** Opening DATA LISTING block **

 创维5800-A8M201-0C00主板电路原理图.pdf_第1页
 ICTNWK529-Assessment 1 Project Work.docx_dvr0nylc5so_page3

** Closing DATA LISTING block **
** Opening DATA LISTING block **

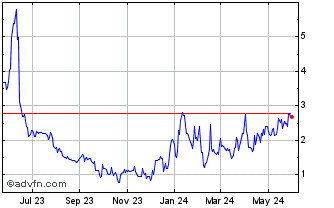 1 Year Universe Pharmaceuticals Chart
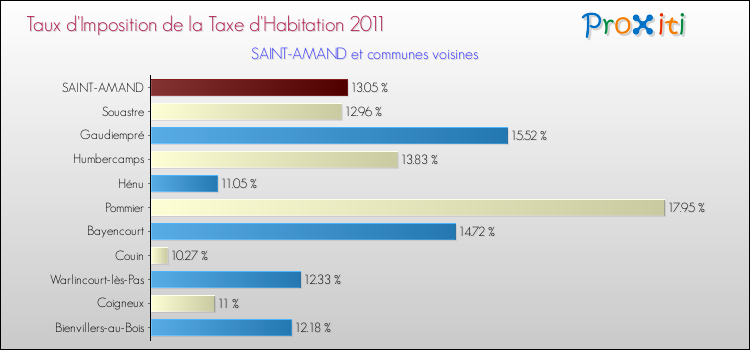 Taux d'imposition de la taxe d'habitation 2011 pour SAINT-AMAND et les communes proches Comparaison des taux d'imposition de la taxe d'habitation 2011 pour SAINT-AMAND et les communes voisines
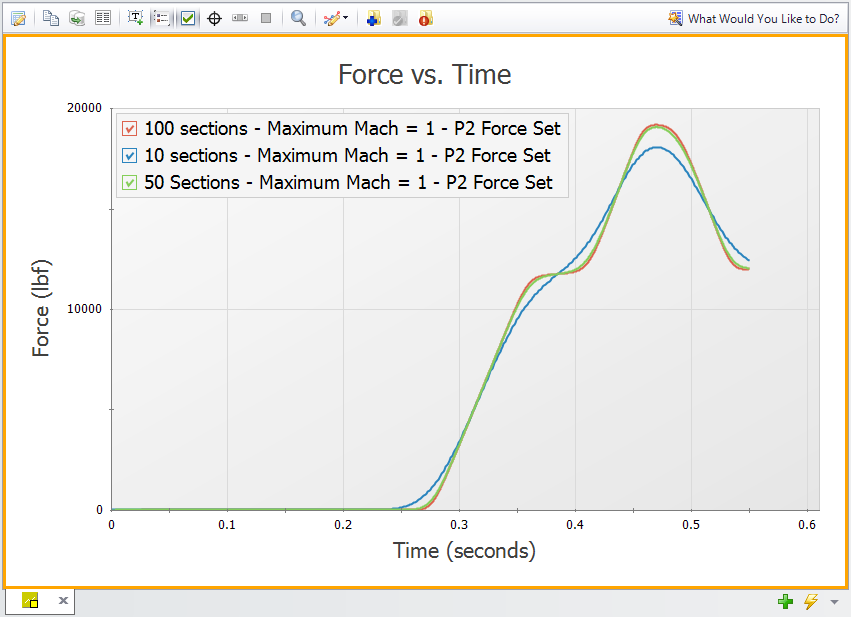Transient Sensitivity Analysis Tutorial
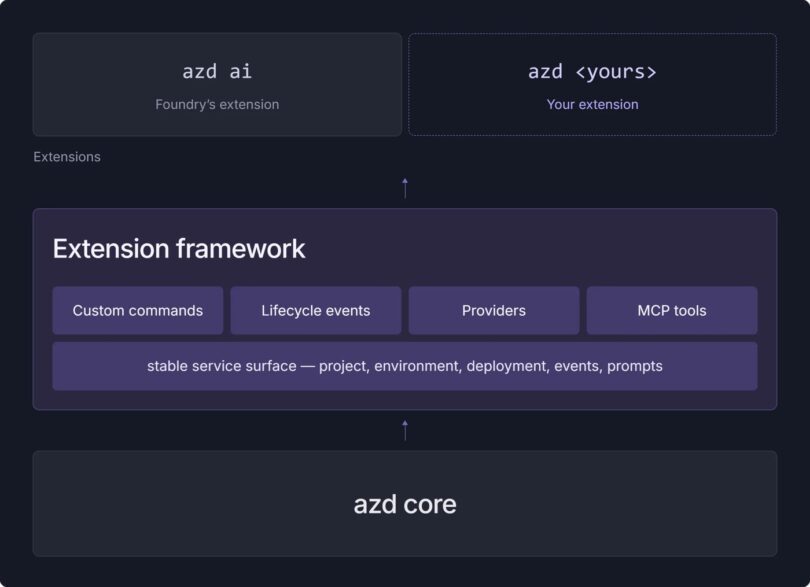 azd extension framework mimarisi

** Closing DATA LISTING block **
** Opening DATA LISTING block **

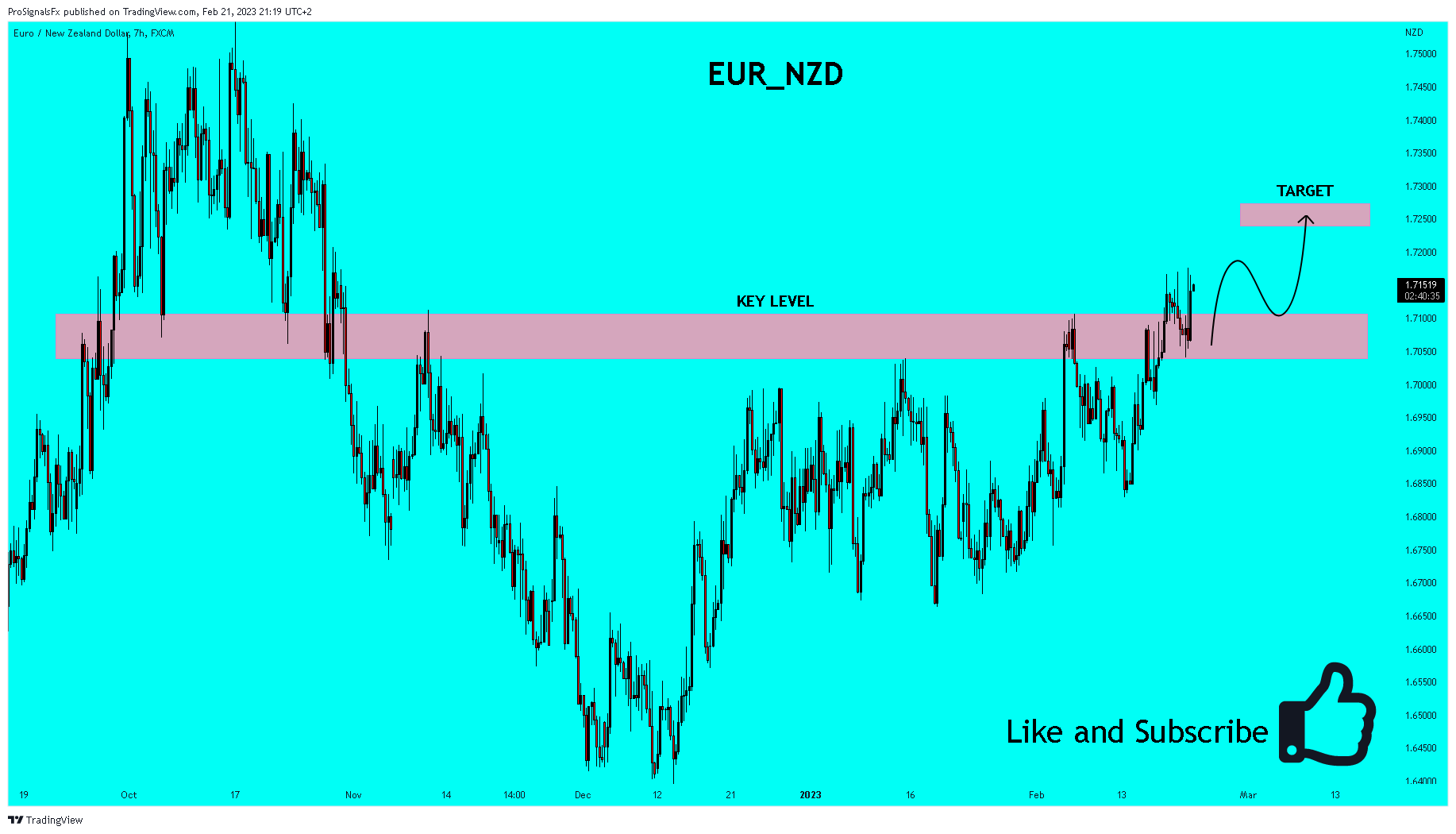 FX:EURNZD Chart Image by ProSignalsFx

** Closing DATA LISTING block **

### [TASK PROMPT]
Here the job is to copy the listing above word for word, starting at the line with "les communes voisines" and ending at the line with "azd extension framework mimarisi", and to leave out the pictures.

### [SOLUTION FOR THIS PROBLEM]
 Taux d'imposition de la taxe d'habitation 2011 pour SAINT-AMAND et les communes proches Comparaison des taux d'imposition de la taxe d'habitation 2011 pour SAINT-AMAND et les communes voisines
Transient Sensitivity Analysis Tutorial
 azd extension framework mimarisi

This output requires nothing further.